The benefits of this approach would be substantial and would include a more efficient and effective approach to environmental protection and so improved environmental outcomes. Importantly, the approach should deliver increased certainty about the timing and extent of Commonwealth involvement. In addition, there should be reduced duplication and an improvement in the efficiency of approvals processes.
The COAG process will also address accreditation issues, the integration of Commonwealth and State heritage regimes and Commonwealth compliance with State environmental laws.
Implementation of the outcomes of the COAG process will require amendments to Commonwealth legislation. Accordingly, I expect to formally initiate a review of Commonwealth environmental law by releasing a discussion paper on possible reforms in the second half of 1997.

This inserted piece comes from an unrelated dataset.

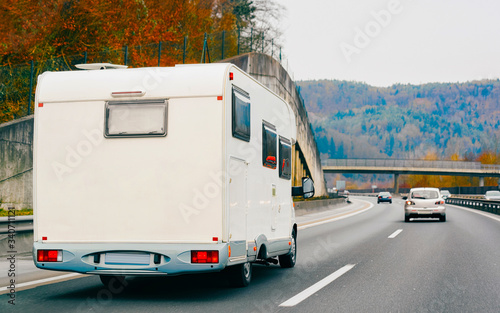 White Camper rv in road on highway reflex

The review will also pick up on the public consultation process being carried out by the Australian Heritage Commission on possible reform of the Australian Heritage Commission Act. The options being canvassed by the Commission include focussing Commonwealth involvement in heritage protection on natural and cultural heritage of national significance. Commonwealth involvement in protection of indigenous heritage raises complex issues beyond the scope of my address today. These issues are addressed in the Evatt review of the Commonwealth Aboriginal and Torres Strait Islander Heritage Protection Act.
A key objective of the Review will be to improve the level of protection for the environment. Much of the Commonwealth's legislation is twenty years old and no longer reflects best practice - it must be amended to incorporate the principles of ecologically sustainable development and address in an integrated way the Commonwealth's global and national responsibilities.
The Commonwealth's existing environmental legislation largely reflects a first generation approach to environmental protection - for example, it provides for national parks management but does not address off-reserve conservation of biodiversity. The Review will need to ensure that Commonwealth environmental legislation embraces contemporary approaches to environmental protection including off-reserve conservation, environmental auditing and the use of economic instruments.
The Review must also reduce duplication, improve certainty for proponents and increase the efficiency of approvals processes.
I look forward to NELA's contribution to the process of reviewing Commonwealth environmental law. As a national, multi-disciplinary association dealing with environmental law, I expect your views will be particularly valuable.
I would like to conclude by referring again to the absence from our Constitution of any reference to the environment. In contrast, the recently drafted Constitution of the Republic of South Africa deals explicitly with the environment. It is worth quoting the relevant clause from its Bill of Rights:
Everyone has the right -
(a) to an environment that is not harmful to their health or well being; and
(b) to have the environment protected, for the benefit of present and future generations, through reasonable legislative and other measures that -
(i) prevent pollution and ecological degradation;
(ii) promote conservation; and
(iii) secure ecologically sustainable development and use of natural resources while promoting justifiable economic and social development.
This is a vision which I share. It is also a vision which, notwithstanding the absence of our own Bill of Rights, we will realise. We will realise such a vision through processes reflecting our own constitutional and jurisprudential history and through governments and individuals accepting the obligation to respect the integrity of our environment and the need to protect it for future generations.